___ DATA PROVIDED ___

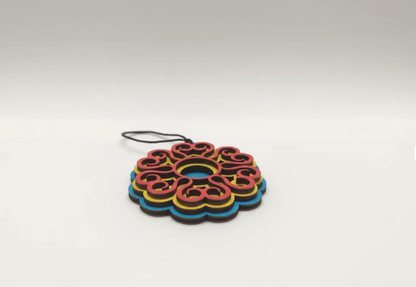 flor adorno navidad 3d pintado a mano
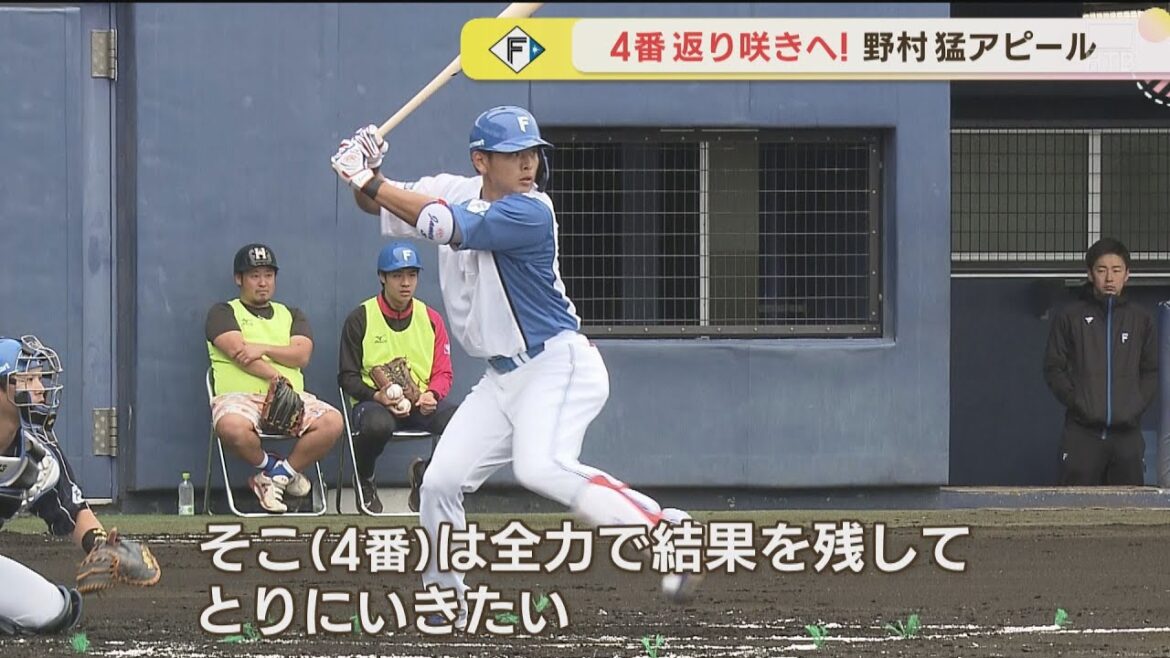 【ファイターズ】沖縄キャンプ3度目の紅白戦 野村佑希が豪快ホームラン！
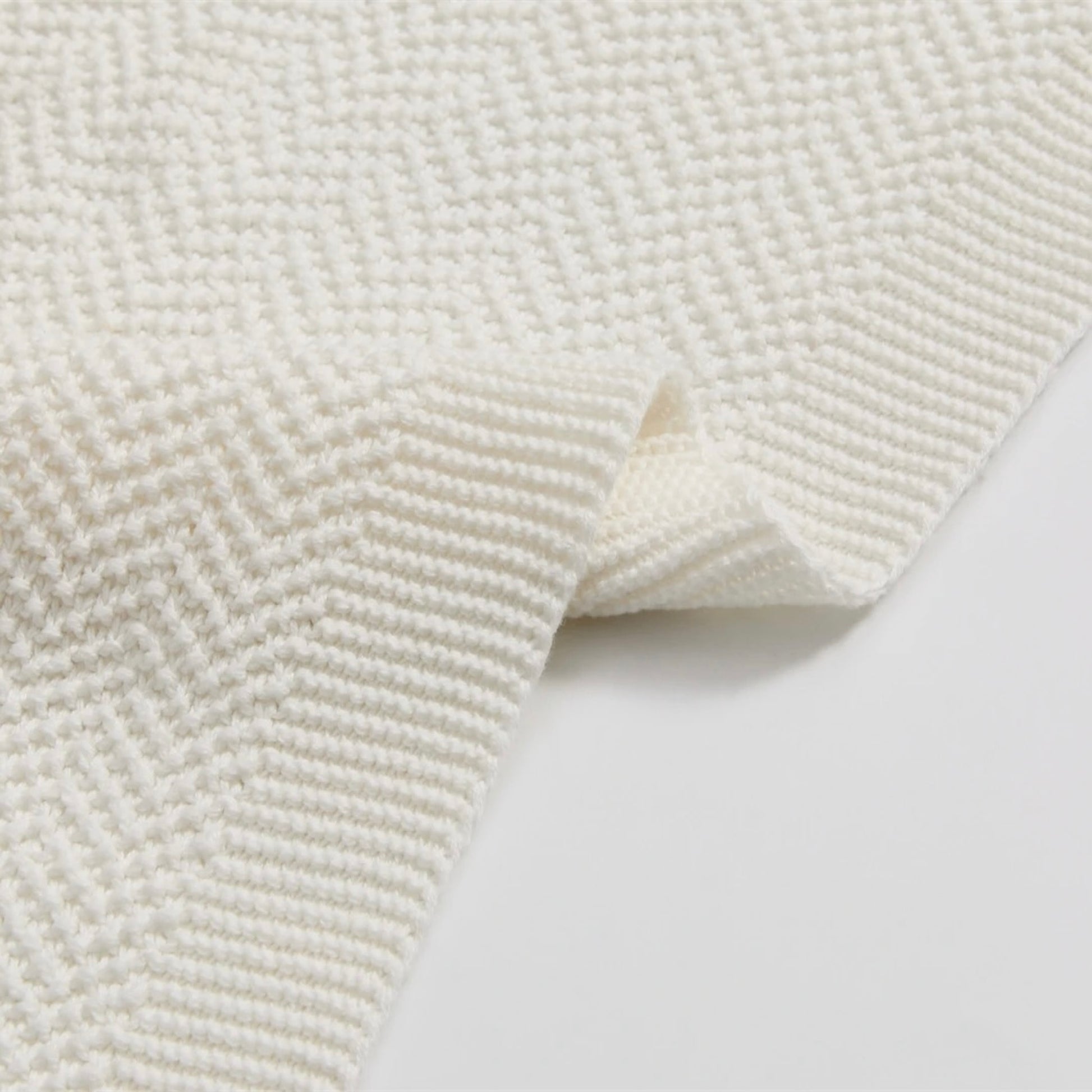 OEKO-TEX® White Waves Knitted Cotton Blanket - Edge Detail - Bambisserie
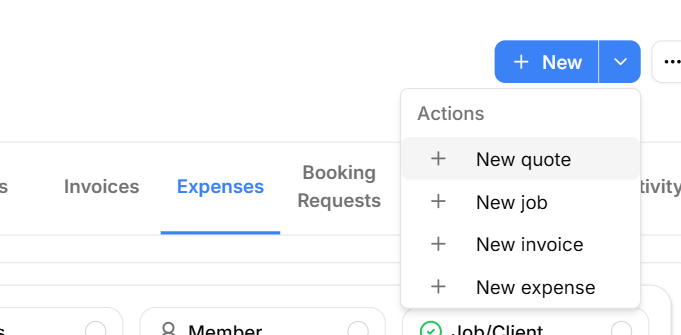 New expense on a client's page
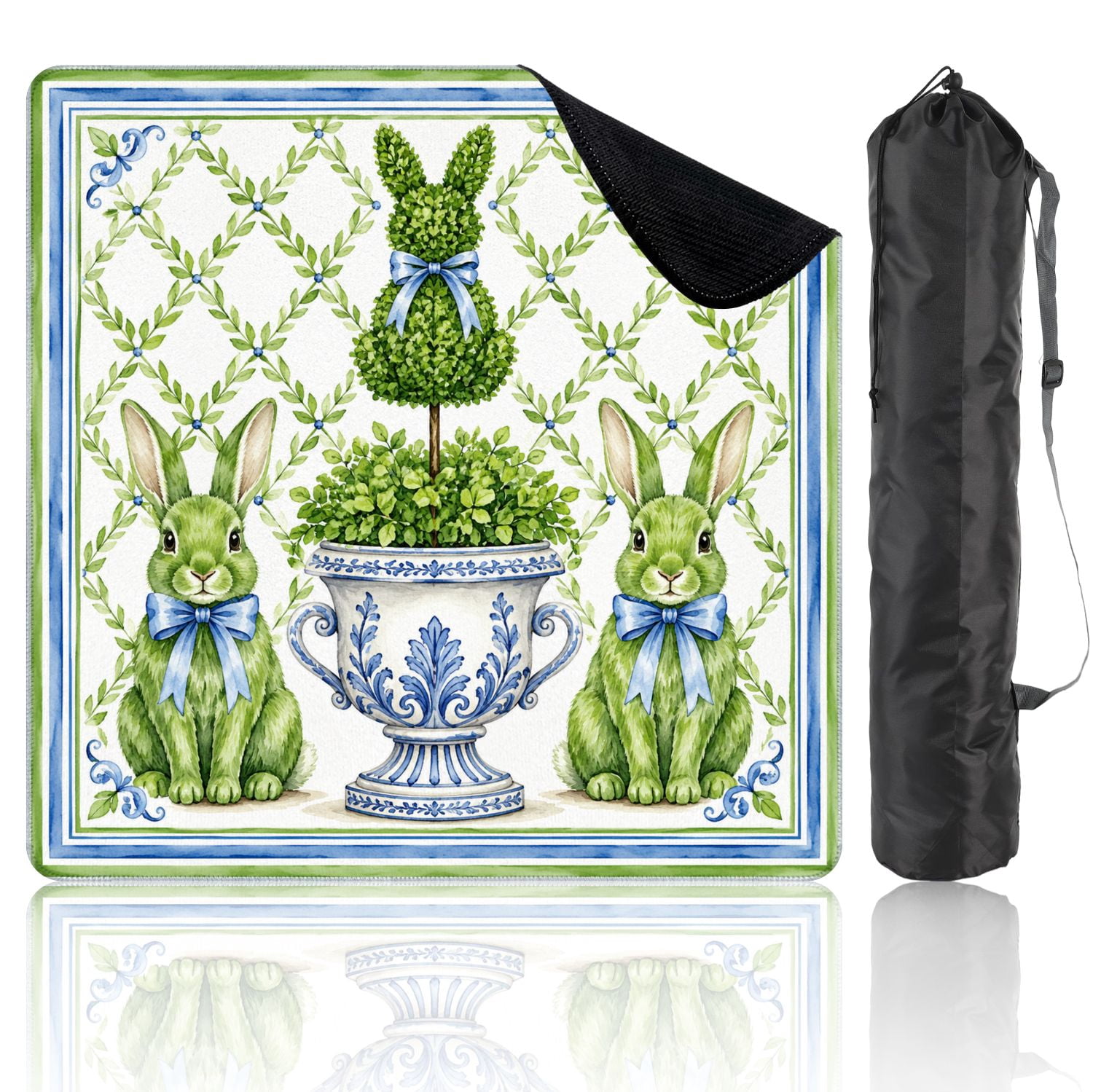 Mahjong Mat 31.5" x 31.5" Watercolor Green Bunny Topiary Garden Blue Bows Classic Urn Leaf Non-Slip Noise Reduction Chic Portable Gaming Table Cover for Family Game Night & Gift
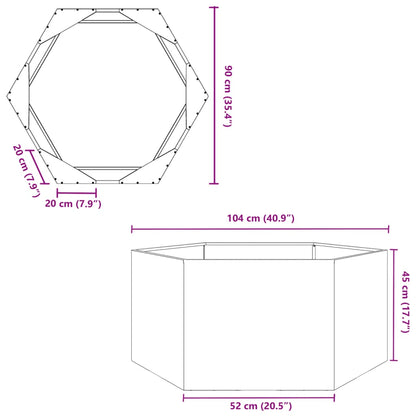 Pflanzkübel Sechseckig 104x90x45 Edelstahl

___
___ DATA PROVIDED ___

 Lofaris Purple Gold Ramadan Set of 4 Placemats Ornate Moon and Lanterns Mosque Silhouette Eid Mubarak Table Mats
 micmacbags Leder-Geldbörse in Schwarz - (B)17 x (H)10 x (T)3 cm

___

— BRIEF —
Print nothing except the lines above from the one containing "Night & Gift" down to the one containing "Pflanzkübel Sechseckig 104x90x45 Edelstahl", both included, exactly as written and free of pictures.

— RESPONSE FOR THIS EXERCISE —
 Mahjong Mat 31.5" x 31.5" Watercolor Green Bunny Topiary Garden Blue Bows Classic Urn Leaf Non-Slip Noise Reduction Chic Portable Gaming Table Cover for Family Game Night & Gift
 Pflanzkübel Sechseckig 104x90x45 Edelstahl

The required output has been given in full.